Former Chinese central bank governor Zhou Xiaochuan suggested on Wednesday that the direct impact on China of the trade war with the US "appears limited," though it could quickly prompt China’s top exporters to pivot away from US markets. Xiaochuan, who left the bank in March after 15 years at the helm, told Reuters that China's economy would be stable in 2018, with an expected growth rate of 6.5%, but needed to shift away from an economic model based on "urbanization," or constructing ghost cities.

However, the main risk to the global economy is protectionism according to the ex-PBOC head. The costs of protectionism could hit the US the hardest, as Chinese firms are expected to withdraw from US markets and expand into other global economies:"I think it will force China to look at many other markets. So it’s not necessarily a good thing for the United States," he said.

"I think the speed of (geographical) diversification can be relatively fast and beyond many people’s expectations."

Reuters said Xiaochuan downplayed the idea that protectionism will severely affect economic growth in China, which he said had been estimated at 0.2-0.8% of GDP, but added that trade wars are creating uncertainties and could hurt business confidence.

Xiaochuan is right, in the latest US Economic Outlook via Barclays, US Economist Michael Gapen revealed that global growth momentum is already slowing.

Gapen also showed that global trade volume as a share of world GDP has likely reached a turning point into a protectionist era.

As a result of the peak in "hyper-globalization", China is being forced to change its growth strategy after many decades. The economic driver of supplying Western markets with cheap goods and constructing ghost cities in China are over. “Whether this is reaching the peak or has peaked and maybe going down, we need to find some new economic growth driver," said Xiaochuan.

That new "driver" could be the Belt and Road Initiative (BRI), China's ambitious effort to promote regional cooperation and connectivity on a trans-continental scale via infrastructure-building projects covering Eurasia, various oceans, and parts of Africa (while saddling up neighboring nations with massive debt due to China).

The BRI will allow China to pivot away from the US markets and the dollar system by enabling the internationalization of the yuan (also known as the renminbi (RMB)) with countries along this new economic system.
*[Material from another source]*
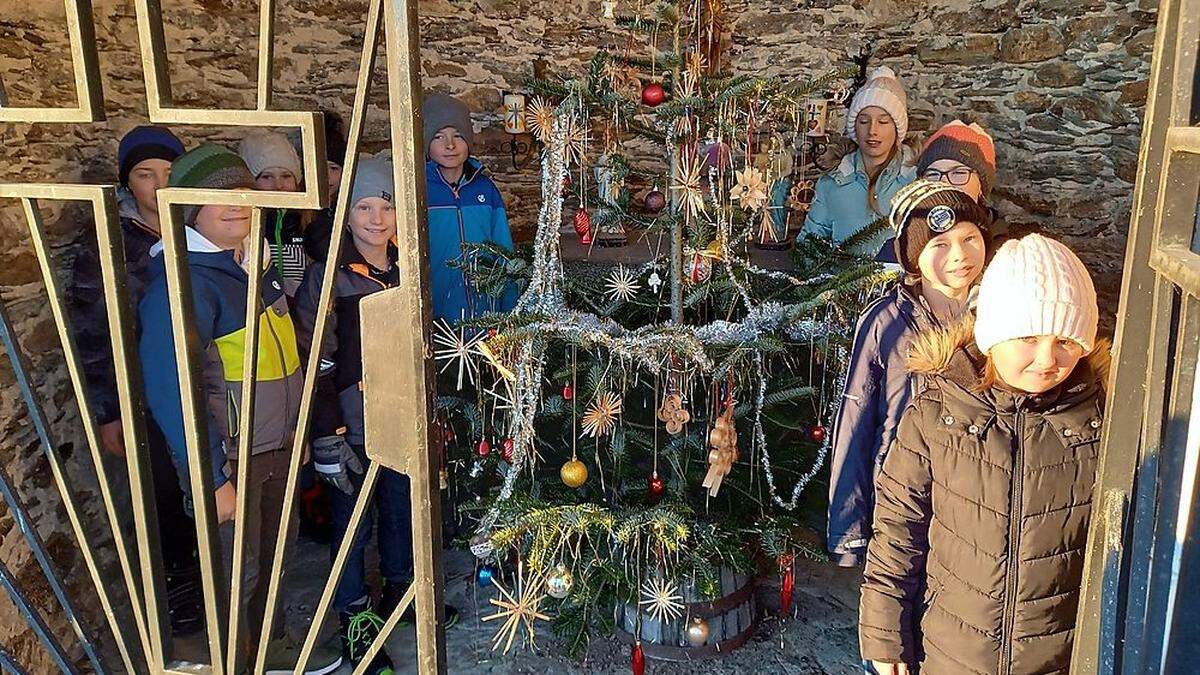 Schülerinnen und Schüler schmückten den Christbaum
Xiaochuan added that more global market participants might start using the yuan as China improves the exchange rate regime and the currency becomes more usable and convertible. "So if the other currencies have some problem, the global market may decide to use more RMB."

As China exporters begin to pivot away from the US and focus on BRI countries, has Trump protectionist bluff backfired and alienated one of the country's biggest trading partners?